ÜniKuir olarak, birkaç ay sonra kampüslere güneş gibi doğacak lubunyalar için pek çok üniversitedeki LGBTİ+ özneden deneyim aktarımları almak için yola koyulduk. Lubunya Tercih Yapıyor (LTY) serisinde, kampüs güvenliğinden barınma sorunlarına, ders içeriklerinden burs imkanlarına, üniversite personelinin tutumlarından şehirdeki koli fırsatlarına kadar pek çok şeyden konuşacağız.
Elbette bu seri, tek bir lubunyanın belirli bir dönem içindeki deneyimini kapsıyor. Üniversitenin farklı kampüslerin, farklı bölümlerinden hatta aynı dersi alan lubunyaların tecrübe ettiklerinin dahi birbirinin aksi olabileceğini göz önünde bulunduruyoruz. Çünkü hepimizin deneyimi biricik.
Üniversiteli LGBTİ+ olmak hakkında daha çok deneyimi görünür kılmak ümidiyle oluşturduğumuz serinin altıncı konuğu Koç Üniversitesi'nden Teo.
LTY Serisi #5: Aydın Adnan Menderes Üniversitesi’nden Sidar G. anlatıyor
Teo, Koç Üniversitesi’nde Medya ve Görsel Sanatlar bölümünde. Koç’a gelmeden önce burslu olduğu için akranları tarafından ayrımcılık yaşayacağı beklentilerinin boşa çıktığını söyleyen Teo, pandemiden aldığı darbeye rağmen kampüs ortamının hala çok renkli olduğunu aktarıyor. Ormanın ortasında bir kampüste okumanın ise ona çok ilginç bir İstanbul deneyimi sunduğunu söylüyor.
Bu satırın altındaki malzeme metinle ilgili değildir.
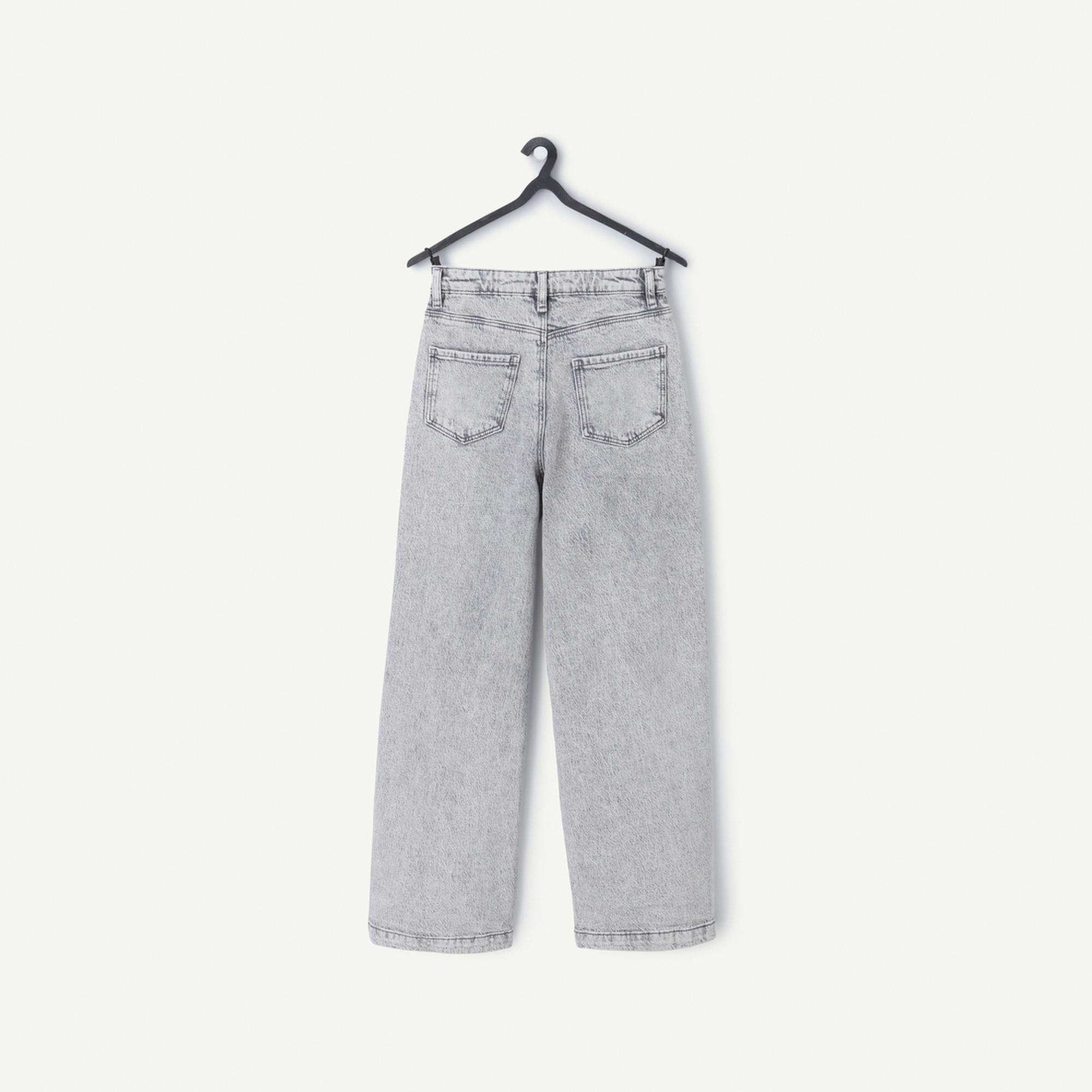 TAO KIDS  Jeans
Üniversite deneyimini bubble’da (baloncuk – izole ortam manasında) yaşamaya benzeten Teo, güvenli alan olarak gördüğü kampüsünden şehir merkezine geçtiğinde kimi zaman şoka uğradığını ifade ediyor. Değişim programlarından ders içeriklerine, kampüste çalışarak gelir sağlamaktan burslara Koç Üniversitesi’ndeki işleyişi tek tek özetleyen Teo , yurtlardaki ikili cinsiyet sorununa ise geçmeden etmiyor: “Binadaki ortak mutfağa dahi girmek yasak, ‘karşı cins’ olanlara.”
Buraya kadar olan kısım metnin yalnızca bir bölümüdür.